I’ve got lots of new to share with you this week.
L.A. folks and people visiting this weekend, I will have cookies at Now Serving L.A.’s bake sale this Saturday (3/12) from 11am to 2pm (or until they sell out) to help raise money for the people affected by the war in Ukraine. More details at Now Serving L.A. All proceeds will go to UNICEF UK’s Ukraine Appeal for children and families
Thank you, Evan Kleiman (the host of KCRW’s Good Food), for the shoutout to my yogurt marinade science (on Serious Eats) on PressPlay with Madeleine Brand (also on KCRW).
Catch me on my dear friend Liren Baker’s popular podcast Kitchen Confidante; we talk about cooking and science (P.S. If you aren’t a subscriber already, you should be now!)
THE KITCHEN CABINETRY IS HERE!
When they put the new floors down in the kitchen, I said to myself, “Oh yeah! It feels like the kitchen is coming together.” When the cabinetry arrived this week, I said aloud, “It REALLY feels like the kitchen is coming together!” Everything looks like a big puzzle that needs to be put together, kinda like an episode from The Crystal Maze.

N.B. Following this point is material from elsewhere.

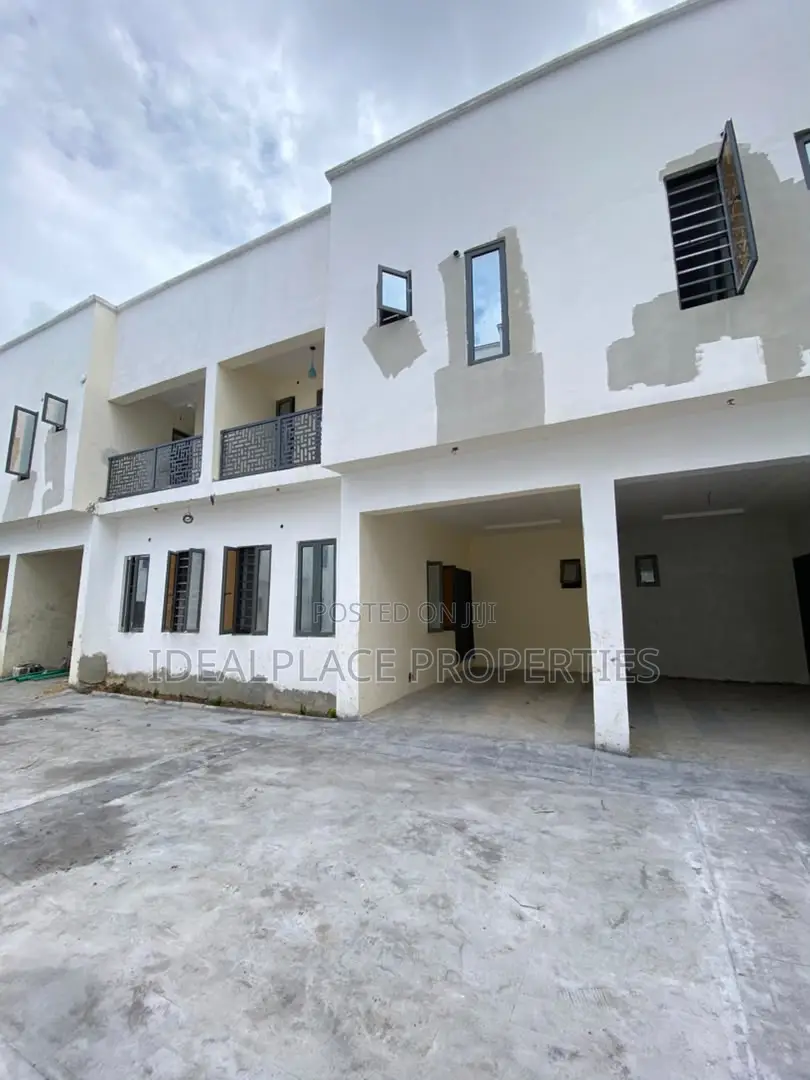 3bdrm Duplex in Sangotedo for sale
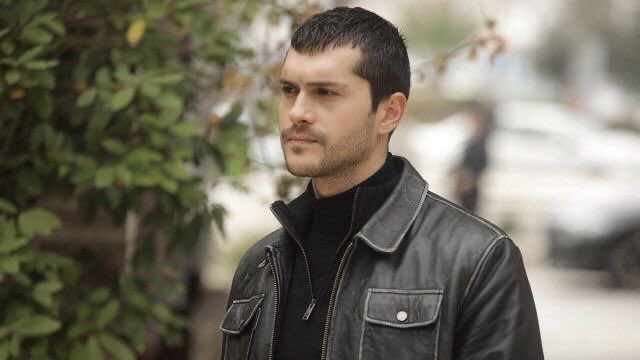 atletik George Stevenson Yüz yıl Twitter 上的agt ama deri ceketli olan:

Puddings are wonderfully easy to make and unfussy, a big reason why I deviate to them as a choice when I need something sweet. This pudding is made with finely ground yellow cornmeal and tossed with fresh slices of rhubarb and sweet juicy blueberries (and you can use fresh or frozen!). The most important part is that it’s made with fragrant coconut milk, and it thickens and firms up due to the starch present in the cornmeal, which means there’s no need for eggs! This dish can be veganized (skip the butter to grease the pan and use coconut oil); it’s dairy-free and gluten-free. This pudding might remind you of Jamaican cornmeal pudding that’s made with coconut milk and flavored with rum and raisins; they both use the same idea – thickening using starch.
Do people still say “blubarb”?
How Does Starch Thicken this Pudding?
If you stir cornstarch in a cup of cold or tap water, nothing happens. The cornstarch won’t dissolve and will sink to the bottom. Now slowly heat the same mixture and keep stirring. As the liquid warms up, the starch solution loses its turbidity, becomes translucent, and thickens. If you leave the condensed liquid to cool, the thick liquid will form a gel. Starch won’t help thicken fats or oils because they don’t like each other (it won’t easily dissolve in it).
Starch is present in granules containing two types of sugar polymers, aka chains – amylose and amylopectin; the ratios vary by the plant source. For example, corn contains 28% amylose while starch from potatoes contains 23% and millet contains only 1 %. This is one of the reasons why starches from different plants don’t behave the same and can’t always be used interchangeably.
When starch is added to cold water, the granules swell as the starch hydrates. As the mixture warms up, the granules continue to absorb more water and swell, and some of that amylose slips out from the granules into the water, and the thickness of the liquid keeps increasing. As the mixture continues to heat and the temperature rises, the starch granules eventually absorb so much water that they burst like overfilled water balloons. The amylose that’s slipped out of the granules forms a mesh-like gel network that holds the water, leading to thickening. This process is called gelatinization or thickening of starch (I’ll refer to it as “thickening”). If we keep heating the liquid to higher temperatures to the boiling point of water (212F/100C), that gel will eventually break, and the liquid won’t be as thick anymore.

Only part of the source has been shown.